* **GIVEN DATA**
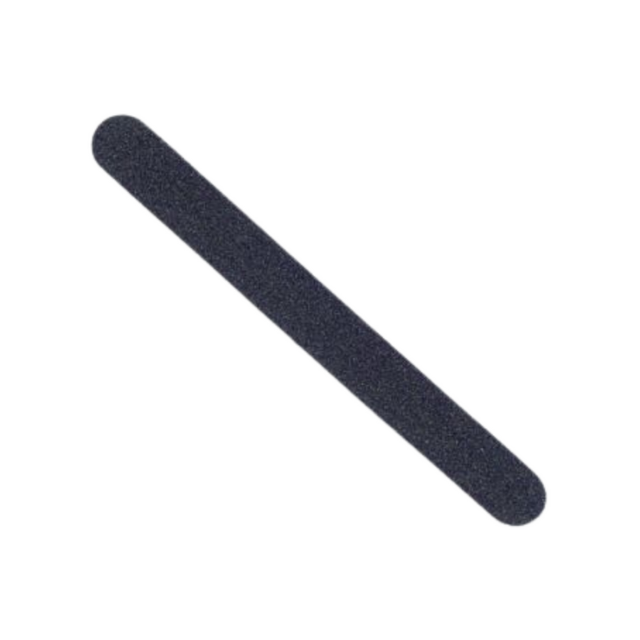 Lime à ongles double grain - Perron Rigot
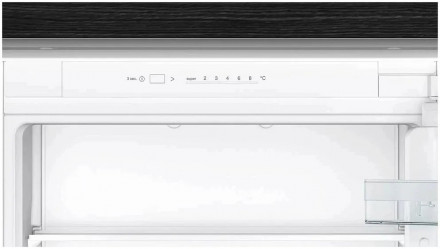 Холодильник SIEMENS KI86VNSF0 Холодильник SIEMENS KI86VNSF0
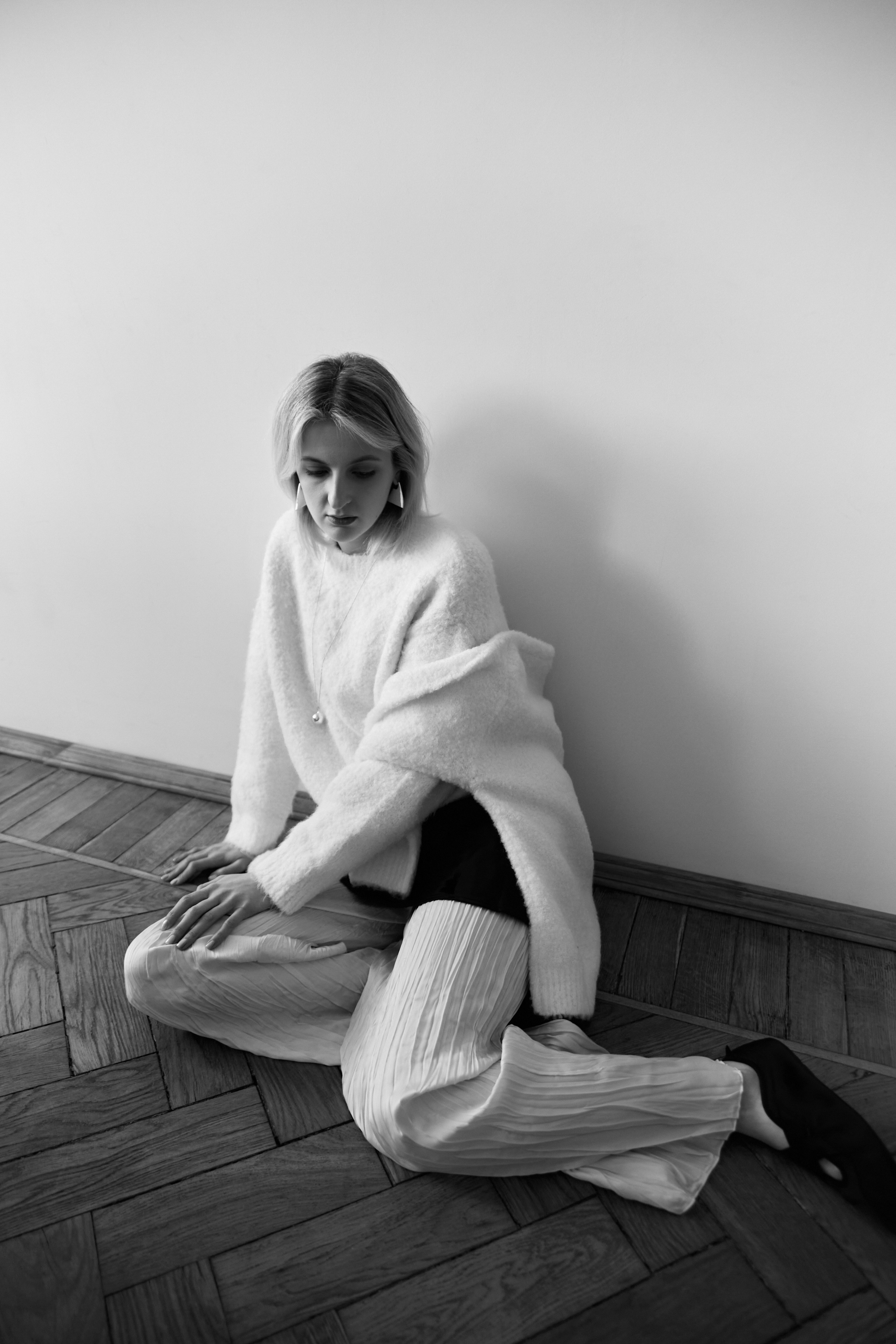 Фотограф Авдеева Елена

* **DIRECTIONS FOR THIS TASK**
Transcribe exactly the span of lines from the line holding "Холодильник SIEMENS KI86VNSF0 Холодильник" through the last line above, both included. Pictures stay out.

* **REPLY TO THE TASK**
 Холодильник SIEMENS KI86VNSF0 Холодильник SIEMENS KI86VNSF0
 Фотограф Авдеева Елена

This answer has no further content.